Bernard King-Smith <wombat2@us.ibm.com> Thu, 01 September 2005 00:11 UTC

Received: from localhost.localdomain ([127.0.0.1] helo=megatron.ietf.org) by megatron.ietf.org with esmtp (Exim 4.32) id 1EAcgJ-0005PR-CC; Wed, 31 Aug 2005 20:11:51 -0400
Received: from odin.ietf.org ([132.151.1.176] helo=ietf.org) by megatron.ietf.org with esmtp (Exim 4.32) id 1EAcgE-0005PG-OY; Wed, 31 Aug 2005 20:11:50 -0400
Received: from ietf-mx.ietf.org (ietf-mx [132.151.6.1]) by ietf.org (8.9.1a/8.9.1a) with ESMTP id UAA28235; Wed, 31 Aug 2005 20:11:40 -0400 (EDT)
Received: from e4.ny.us.ibm.com ([32.97.182.144]) by ietf-mx.ietf.org with esmtp (Exim 4.43) id 1EAci0-0008JU-3L; Wed, 31 Aug 2005 20:13:37 -0400
Received: from d01relay04.pok.ibm.com (d01relay04.pok.ibm.com [9.56.227.236]) by e4.ny.us.ibm.com (8.12.11/8.12.11) with ESMTP id j810BGkQ017453; Wed, 31 Aug 2005 20:11:16 -0400
Received: from d01av03.pok.ibm.com (d01av03.pok.ibm.com [9.56.224.217]) by d01relay04.pok.ibm.com (8.12.10/NCO/VERS6.7) with ESMTP id j810BFCo097152; Wed, 31 Aug 2005 20:11:15 -0400
Received: from d01av03.pok.ibm.com (loopback [127.0.0.1]) by d01av03.pok.ibm.com (8.12.11/8.13.3) with ESMTP id j810B5cG012635; Wed, 31 Aug 2005 20:11:05 -0400
Received: from [9.56.228.210] (d01mlc96.pok.ibm.com [9.56.228.210]) by d01av03.pok.ibm.com (8.12.11/8.12.11) with ESMTP id j810B5Qx012339; Wed, 31 Aug 2005 20:11:05 -0400
In-Reply-To: <506C3D7B14CDD411A52C00025558DED60893AD3C@mtlex01.yok.mtl.com>
Subject: RE: [Ipoverib] Please read - proposed WG termination
To: Dror Goldenberg <gdror@mellanox.co.il>
X-Mailer: Lotus Notes Release 6.0.2CF1 June 9, 2003
Message-ID: <OFEAD798BC.5BD12489-ON8525706E.00447E83-8525706F.0000FE88@us.ibm.com>
From: Bernard King-Smith <wombat2@us.ibm.com>
Date: Wed, 31 Aug 2005 20:10:51 -0400
X-MIMETrack: Serialize by Router on D01MLC96/01/M/IBM(Build V70_M6_06302005 Beta 4 HF4|August 24, 2005) at 08/31/2005 20:11:04
MIME-Version: 1.0
Content-type: text/plain; charset="US-ASCII"
X-Spam-Score: 0.0 (/)
X-Scan-Signature: 5d7a7e767f20255fce80fa0b77fb2433
Cc: margaret@thingmagic.com, kashyapv@us.ibm.com, "H.K. Jerry Chu" <Jerry.Chu@eng.sun.com>, ipoverib@ietf.org, Bill_Strahm@McAfee.com, ipoverib-bounces@ietf.org
X-BeenThere: ipoverib@ietf.org
X-Mailman-Version: 2.1.5
Precedence: list
List-Id: IP over InfiniBand WG Discussion List <ipoverib.ietf.org>
List-Unsubscribe: <https://www1.ietf.org/mailman/listinfo/ipoverib>, <mailto:ipoverib-request@ietf.org?subject=unsubscribe>
List-Post: <mailto:ipoverib@ietf.org>
List-Help: <mailto:ipoverib-request@ietf.org?subject=help>
List-Subscribe: <https://www1.ietf.org/mailman/listinfo/ipoverib>, <mailto:ipoverib-request@ietf.org?subject=subscribe>
Sender: ipoverib-bounces@ietf.org
Errors-To: ipoverib-bounces@ietf.org




Having IPoIB-CM is a very important feature to make IB a viable
interconnect in clustered systems.

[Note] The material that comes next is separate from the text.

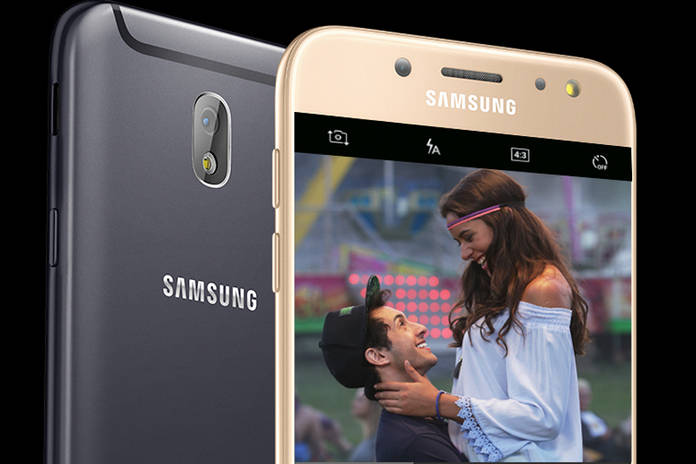 https://static.hub.91mobiles.com/multisite/wp-content/uploads/sites/7/2018/02/samsung-galaxy-j4-2018-1.jpg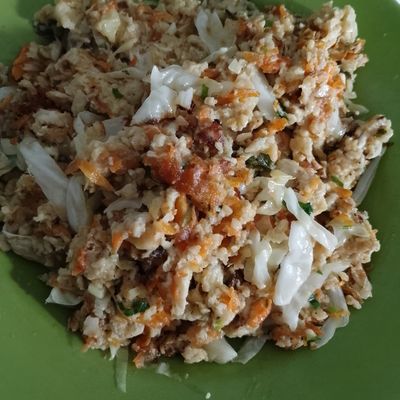 Langkah 5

Without IPoIB-CM for HPC clusters, and
commercial clusters using IB to SAN, you need two networks for good total
cluster performance, one for IB ( non-IP traffic ) and an IP performance
network like GigE.  This means that IB is not cost effective as the GigE (
or 10 GigE) network which handles both types of traffic reasonably.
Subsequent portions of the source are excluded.